Nowhere else is a mistake more dangerous, or the search more laborious, or discovery more advantageous.
— St. Augustine of Hippo, On the Trinity

The Christian life is built on a handful of great and powerful mysteries. These aren’t average mysteries, like the mystery of what women do when they head to the ladies room together, or the obsessed kind of perplexity thatthe last six years of the TV series Lost have brought on for so many.  Rather, they’re the kind of mysteries that grab hold of you when you least expect it, that bid you drink and, though they satisfy, make you thirst for more.  They’re the kind of mysteries that impart life, evoke wisdom, create joy, and enable holiness: mysteries worth dying for and worth living for.

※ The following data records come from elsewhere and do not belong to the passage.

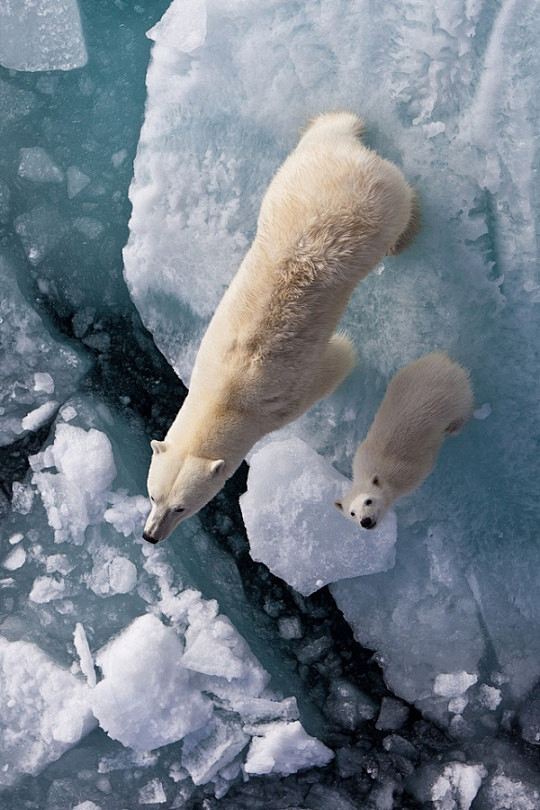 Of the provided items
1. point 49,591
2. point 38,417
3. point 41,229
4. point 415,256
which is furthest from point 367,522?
point 41,229

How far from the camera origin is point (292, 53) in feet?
10.8

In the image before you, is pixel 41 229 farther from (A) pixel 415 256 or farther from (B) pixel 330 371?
(A) pixel 415 256

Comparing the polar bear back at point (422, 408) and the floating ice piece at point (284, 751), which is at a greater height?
the polar bear back at point (422, 408)

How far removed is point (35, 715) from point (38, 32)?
3.00 meters

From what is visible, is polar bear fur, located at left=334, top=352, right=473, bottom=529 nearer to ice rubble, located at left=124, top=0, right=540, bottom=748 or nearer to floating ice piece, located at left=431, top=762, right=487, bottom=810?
ice rubble, located at left=124, top=0, right=540, bottom=748

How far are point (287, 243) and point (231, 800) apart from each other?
7.73ft

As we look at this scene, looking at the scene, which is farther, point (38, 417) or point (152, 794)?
point (38, 417)

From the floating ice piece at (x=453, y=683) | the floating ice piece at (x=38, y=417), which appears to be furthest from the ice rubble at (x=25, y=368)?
the floating ice piece at (x=453, y=683)

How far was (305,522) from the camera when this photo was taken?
3.42 metres

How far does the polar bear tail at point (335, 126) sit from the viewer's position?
3047 millimetres

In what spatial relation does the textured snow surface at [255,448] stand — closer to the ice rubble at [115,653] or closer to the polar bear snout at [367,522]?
the ice rubble at [115,653]

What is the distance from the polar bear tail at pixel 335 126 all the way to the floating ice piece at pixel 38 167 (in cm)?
121

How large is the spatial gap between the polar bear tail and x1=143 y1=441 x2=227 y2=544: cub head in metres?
1.33

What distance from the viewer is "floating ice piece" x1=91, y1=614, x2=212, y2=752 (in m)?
3.27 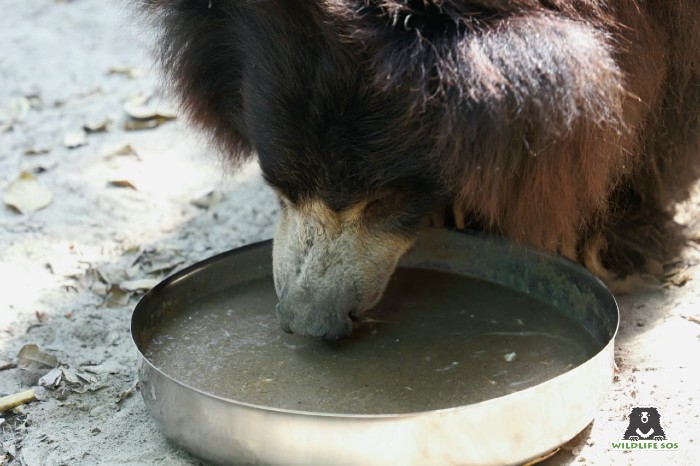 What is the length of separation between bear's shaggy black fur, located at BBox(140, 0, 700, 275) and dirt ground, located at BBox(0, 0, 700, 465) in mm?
648

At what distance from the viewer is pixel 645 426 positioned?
2.83 metres

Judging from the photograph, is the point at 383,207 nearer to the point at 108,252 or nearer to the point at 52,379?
the point at 52,379

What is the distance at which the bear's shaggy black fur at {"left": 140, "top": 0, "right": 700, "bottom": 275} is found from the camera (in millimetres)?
2562

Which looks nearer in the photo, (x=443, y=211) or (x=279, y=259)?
(x=279, y=259)

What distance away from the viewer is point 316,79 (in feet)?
9.28

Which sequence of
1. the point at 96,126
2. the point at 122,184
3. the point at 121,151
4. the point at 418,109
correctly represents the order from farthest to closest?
1. the point at 96,126
2. the point at 121,151
3. the point at 122,184
4. the point at 418,109

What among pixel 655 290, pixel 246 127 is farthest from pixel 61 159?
pixel 655 290

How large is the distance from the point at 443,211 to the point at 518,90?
1.24 m

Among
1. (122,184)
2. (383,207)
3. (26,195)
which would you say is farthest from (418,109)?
(26,195)

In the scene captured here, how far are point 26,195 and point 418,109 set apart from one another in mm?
2612

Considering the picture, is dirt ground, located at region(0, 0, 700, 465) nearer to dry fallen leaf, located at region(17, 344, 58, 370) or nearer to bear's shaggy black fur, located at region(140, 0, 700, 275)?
dry fallen leaf, located at region(17, 344, 58, 370)

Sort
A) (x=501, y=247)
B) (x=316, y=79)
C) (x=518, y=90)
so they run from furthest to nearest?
(x=501, y=247), (x=316, y=79), (x=518, y=90)

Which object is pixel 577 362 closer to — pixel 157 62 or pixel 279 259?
pixel 279 259

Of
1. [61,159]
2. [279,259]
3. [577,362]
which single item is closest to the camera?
[577,362] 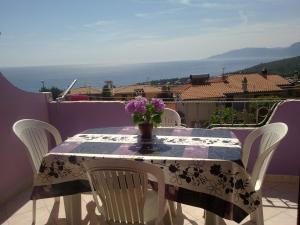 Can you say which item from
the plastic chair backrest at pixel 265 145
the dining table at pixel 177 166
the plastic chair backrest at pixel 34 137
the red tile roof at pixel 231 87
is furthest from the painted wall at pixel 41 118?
the red tile roof at pixel 231 87

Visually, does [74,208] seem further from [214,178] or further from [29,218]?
[214,178]

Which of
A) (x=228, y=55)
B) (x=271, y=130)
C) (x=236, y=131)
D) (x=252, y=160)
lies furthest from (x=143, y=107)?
(x=228, y=55)

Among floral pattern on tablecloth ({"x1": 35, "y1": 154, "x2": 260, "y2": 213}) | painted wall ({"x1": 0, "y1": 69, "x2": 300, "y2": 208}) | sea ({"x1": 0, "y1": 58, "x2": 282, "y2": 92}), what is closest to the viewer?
floral pattern on tablecloth ({"x1": 35, "y1": 154, "x2": 260, "y2": 213})

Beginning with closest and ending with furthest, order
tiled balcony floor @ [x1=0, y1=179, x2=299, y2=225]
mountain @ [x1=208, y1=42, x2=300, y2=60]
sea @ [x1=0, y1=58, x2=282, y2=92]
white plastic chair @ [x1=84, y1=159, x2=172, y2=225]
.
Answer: white plastic chair @ [x1=84, y1=159, x2=172, y2=225]
tiled balcony floor @ [x1=0, y1=179, x2=299, y2=225]
sea @ [x1=0, y1=58, x2=282, y2=92]
mountain @ [x1=208, y1=42, x2=300, y2=60]

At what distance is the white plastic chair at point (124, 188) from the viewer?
5.16ft

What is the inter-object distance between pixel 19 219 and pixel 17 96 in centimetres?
141

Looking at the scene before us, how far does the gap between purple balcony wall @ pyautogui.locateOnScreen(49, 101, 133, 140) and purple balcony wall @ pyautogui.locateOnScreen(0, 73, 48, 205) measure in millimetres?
442

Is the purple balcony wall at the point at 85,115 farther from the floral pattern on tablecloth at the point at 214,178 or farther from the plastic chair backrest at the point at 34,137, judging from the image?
the floral pattern on tablecloth at the point at 214,178

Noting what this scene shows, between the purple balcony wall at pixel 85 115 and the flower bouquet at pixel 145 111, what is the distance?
158 cm

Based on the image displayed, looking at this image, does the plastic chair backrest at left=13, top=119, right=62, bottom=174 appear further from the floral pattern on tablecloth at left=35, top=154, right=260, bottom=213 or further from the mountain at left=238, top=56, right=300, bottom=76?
the mountain at left=238, top=56, right=300, bottom=76

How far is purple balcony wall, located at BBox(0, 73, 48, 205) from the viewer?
10.6 feet

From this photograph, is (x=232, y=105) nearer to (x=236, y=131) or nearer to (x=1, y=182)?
(x=236, y=131)

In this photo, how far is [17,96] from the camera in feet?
11.5

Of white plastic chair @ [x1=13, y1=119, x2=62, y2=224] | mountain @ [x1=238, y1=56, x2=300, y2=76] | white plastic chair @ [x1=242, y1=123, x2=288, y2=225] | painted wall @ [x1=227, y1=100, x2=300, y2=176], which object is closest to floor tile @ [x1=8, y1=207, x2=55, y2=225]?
white plastic chair @ [x1=13, y1=119, x2=62, y2=224]
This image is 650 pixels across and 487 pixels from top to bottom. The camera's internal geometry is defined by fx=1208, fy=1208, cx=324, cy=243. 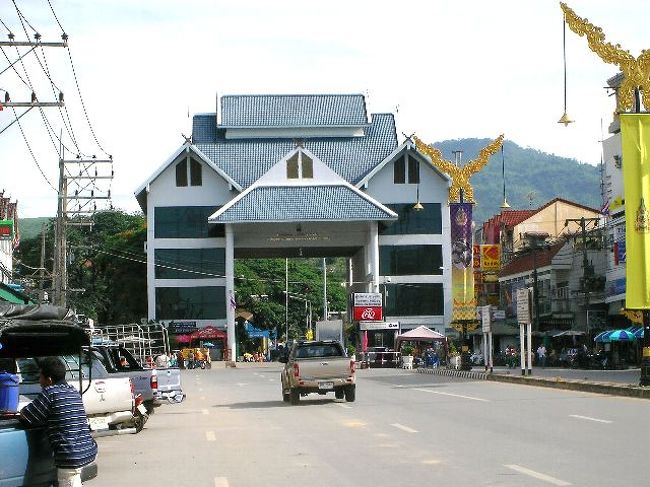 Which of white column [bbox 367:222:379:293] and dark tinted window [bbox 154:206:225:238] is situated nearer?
white column [bbox 367:222:379:293]

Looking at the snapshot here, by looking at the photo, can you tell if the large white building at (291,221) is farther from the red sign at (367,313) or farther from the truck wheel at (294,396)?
the truck wheel at (294,396)

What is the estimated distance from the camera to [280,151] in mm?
90625

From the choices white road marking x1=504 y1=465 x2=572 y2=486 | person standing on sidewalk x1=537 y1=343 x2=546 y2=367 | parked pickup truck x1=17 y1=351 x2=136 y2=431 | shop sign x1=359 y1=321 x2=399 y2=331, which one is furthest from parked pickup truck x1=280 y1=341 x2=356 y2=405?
shop sign x1=359 y1=321 x2=399 y2=331

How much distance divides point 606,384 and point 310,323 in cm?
8507

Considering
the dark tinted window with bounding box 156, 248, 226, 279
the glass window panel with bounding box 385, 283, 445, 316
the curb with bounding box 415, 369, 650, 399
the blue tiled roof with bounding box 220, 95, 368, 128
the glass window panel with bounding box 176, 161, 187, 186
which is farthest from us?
the blue tiled roof with bounding box 220, 95, 368, 128

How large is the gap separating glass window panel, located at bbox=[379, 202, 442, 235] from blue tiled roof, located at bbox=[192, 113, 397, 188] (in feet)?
16.2

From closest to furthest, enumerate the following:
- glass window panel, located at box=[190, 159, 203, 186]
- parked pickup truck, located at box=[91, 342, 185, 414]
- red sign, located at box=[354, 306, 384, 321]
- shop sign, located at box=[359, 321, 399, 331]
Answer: parked pickup truck, located at box=[91, 342, 185, 414] < shop sign, located at box=[359, 321, 399, 331] < red sign, located at box=[354, 306, 384, 321] < glass window panel, located at box=[190, 159, 203, 186]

So, it’s no wonder that the First and Greatest Mystery for those seeking to live the Christian life is the incomprehensible Mystery of the one God: the Father, the Son, and the Holy Spirit.  The biblical doctrine of the Trinity (though the word itself is never used in Holy Scripture) is the foundation of our Christian life because everything in our lives begins with God and who he is, not with us .

In fact, the value of living the Christian life depends entirely on the fact that we have a relationship with the one, real, living God who incomprehensibly exists in and as Three Persons who are each completely and wholly God, intimately loving and inhabiting each other, bound up together in a dance of total self-outpouring. Nothing that we do or say or believe as Christians makes any sense or has any meaning unless the Father, the Son, and the Holy Spirit are together one God. Sinclair Ferguson illustrates this well when he says, “I’ve often reflected on the rather obvious thought that when his disciples were about to have the world collapse in on them, our Lord spent so much time in the Upper Room speaking to them about the mystery of the Trinity. If anything could underline the necessity of Trinitarianism for practical Christianity, that must surely be it!”

So, St. Augustine is right. It is dangerous to mess up how we believe about the mystery of the Trinity because we risk worshiping an idol if we err in our belief.  To understand the Trinity, the search is laborious because it is a mystery that can never be unravelled and whose limit can never be found. But it is advantageous also because as we plum this mystery of the Trinity we get to know all about God our Savior and about his mission in this world and in our lives in a way that transforms and transfigures our lives by grace forever.


This short article was published in the Resurrection Times: Wednesday Edition, Mary 26, 2010. Its purpose was to whet the whistle of its readers for the up-coming sermon on Trinity Sunday.